CS代写 ICAPS 2017

PowerPoint Presentation

Classical Planning
Optimal Planning

Copyright By PowCoder代写 加微信 powcoder

Cost Partitioning
6CCS3AIP – Artificial Intelligence Planning
Dr Tommy Thompson

FACULTY OF NATURAL & MATHEMATICAL SCIENCES
DEPARTMENT OF INFORMATICS

Hello and welcome to this chapter on Optimal Planning and in this chapter were going discuss another approach for optimal planning referred to as cost partitioning and how this can help us to achieve optimal classical planning.

Recap: The Perils of Expressivity
By having such an expressive formalism, state spaces can begin to explode.

How do we circumvent this?
Use heuristics to guide the search?
Find landmarks to give us sub-goals to solve?
Use local search (see EHC)?

Often sacrificing completeness of search in an effort to find a solution quickly.
Hence Best-First Search fallback in EHC.

What if we instead sacrifice expressiveness for efficiency?

Image Credit: A hierarchical neuronal network for planning behavior
PNAS November 25, 1997 94 (24) 13293-13298

FACULTY OF NATURAL & MATHEMATICAL SCIENCES
DEPARTMENT OF INFORMATICS

Why are we doing this? Well as discussed in a previous chapter, we’re trying to find ways to optimise the planning process.
And this can arise in different formalisms or approaches to how we have traditionally done things.

Recap: SAS+ Planning
Optimising planning by analysing the problem.
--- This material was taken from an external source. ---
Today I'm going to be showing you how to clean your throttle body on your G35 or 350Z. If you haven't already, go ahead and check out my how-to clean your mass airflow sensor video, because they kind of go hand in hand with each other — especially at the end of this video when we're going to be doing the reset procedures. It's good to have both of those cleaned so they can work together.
SAS+ Planning re-encodes existing problem into new formulation.

Use of DTG’s help us visualise assignment of variables to values during search/execution.

FACULTY OF NATURAL & MATHEMATICAL SCIENCES
DEPARTMENT OF INFORMATICS

First we had SAS+ planning, where we revised the problem space into Domain State Variables that allow us to successfully capture the mutual exclusion relations that exist between specific propositions and use that to streamline the statespace into something more accessible.

Recap: Pattern Databases
Generate heuristics of sub-problems.

Target Patterns: partial specification of the goal state.

Establish a Pattern Database (PDB)
Set of all permutations of the target pattern.

Calculate pattern cost.
Compute distance to target pattern.
Minimum number of actions to achieve target pattern.

Target Pattern

FACULTY OF NATURAL & MATHEMATICAL SCIENCES
DEPARTMENT OF INFORMATICS

And in our previous session we discussed Pattern Databases, a process whereby heuristics for problems are calculated by devising the cost of solving sub-problems of the actual problem. By creating a database of target patterns, we search backwards from the goal state of the ‘abstract’ state space. The abstract state space allows us to search through the state space only considering specific variables, hence entire collections of states are reduced to just one state, given we’re only interested in the values that appear in the pattern. In the case of these diagrams, we’re only interested in the positions of tiles 1-4 as part of the 8-puizzle problem.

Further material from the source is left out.